Гуляева: Вы-то современные фильмы смотрите? Киношные артисты не перевоплощаются, никуда не погружаются и не дают возможности удивиться: «Надо же какой необычный образ создан!» Они бродят из картины в картину, только меняются обстоятельства и костюмы, но это не их заслуга. Рекомендуют иногда посмотреть такую-то ленту с таким-то актером, а я уже слышу, как он будет разговаривать и «играть своим привычным «тончиком» и… мне неинтересно. Удивительно, что при этом все считают себя звездами.
культура: Вы до сих пор в центре мужского внимания. Секретом не поделитесь?
Гуляева: Да, я многим нравилась. Мужикам знаете, что важно? Чтобы с женщиной было интересно, чтобы она не давала заскучать. Дом радио на улице Качалова. Утро. Ждем записи спектакля. Сижу, подкрашиваю глаза, закалываю волосы и рассказываю забавные истории, которые произошли со мной, детьми, друзьями. Вокруг образуется кружок невыспавшихся мужчин, они начинают тоже вспоминать, смеяться, мы радуемся друг другу. А в сторонке шипит актриса — яркая, в макияже, ухоженная: «Что они нашли в этой Гуляевой? Почему все мужики — ее?»
культура: Вячеславу Невинному тоже не давали скучать?

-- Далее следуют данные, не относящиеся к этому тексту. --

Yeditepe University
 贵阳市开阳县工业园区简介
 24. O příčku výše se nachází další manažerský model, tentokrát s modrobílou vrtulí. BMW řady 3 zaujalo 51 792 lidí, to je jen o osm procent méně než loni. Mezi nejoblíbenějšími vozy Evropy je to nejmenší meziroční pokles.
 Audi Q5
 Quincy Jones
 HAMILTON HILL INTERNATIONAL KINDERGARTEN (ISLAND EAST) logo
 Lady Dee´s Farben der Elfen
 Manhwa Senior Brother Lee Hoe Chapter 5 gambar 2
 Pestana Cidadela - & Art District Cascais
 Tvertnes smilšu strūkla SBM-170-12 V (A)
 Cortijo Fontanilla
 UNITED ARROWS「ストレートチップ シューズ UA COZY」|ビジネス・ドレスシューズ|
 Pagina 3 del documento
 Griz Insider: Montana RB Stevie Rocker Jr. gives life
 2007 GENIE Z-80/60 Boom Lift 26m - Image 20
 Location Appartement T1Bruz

Каким был всенародный любимец в жизни?
Гуляева: Когда меня спрашивают о Славе, я всегда говорю: «Идите к сыну, он все расскажет». Вы-то воспринимаете его как актера, а для меня он — муж, свой, родной человек. Мы даже никогда надолго не расставались. Мудрый, интеллигентный, очень талантливый, и потому в жизни никогда не выдрючивался. Рядом — двое мужчин, муж и сын, я у них была генералом. Бывало, Слава-старший спросит: «Куда мы едем отдыхать?» Отвечаю: «В Мисхор». «У нас будет номер люкс?» — «Будет». — «Значит, Славочка с нами поедет?» — «Конечно». Люкс — это две комнаты. «Билеты уже заказала?» — «Заказала». — «Машина нас встретит?» — «Встретит, я позвонила директору Дома творчества». — «Ну, тогда все, поехали».
культура: Какой же Вы генерал? Генерал руководит, отдает распоряжения.
Гуляева: Они так относились ко мне, а делала-то я все сама. Очень быстро сели мне на шею. Им было хорошо, и мне так славно рядом с ними.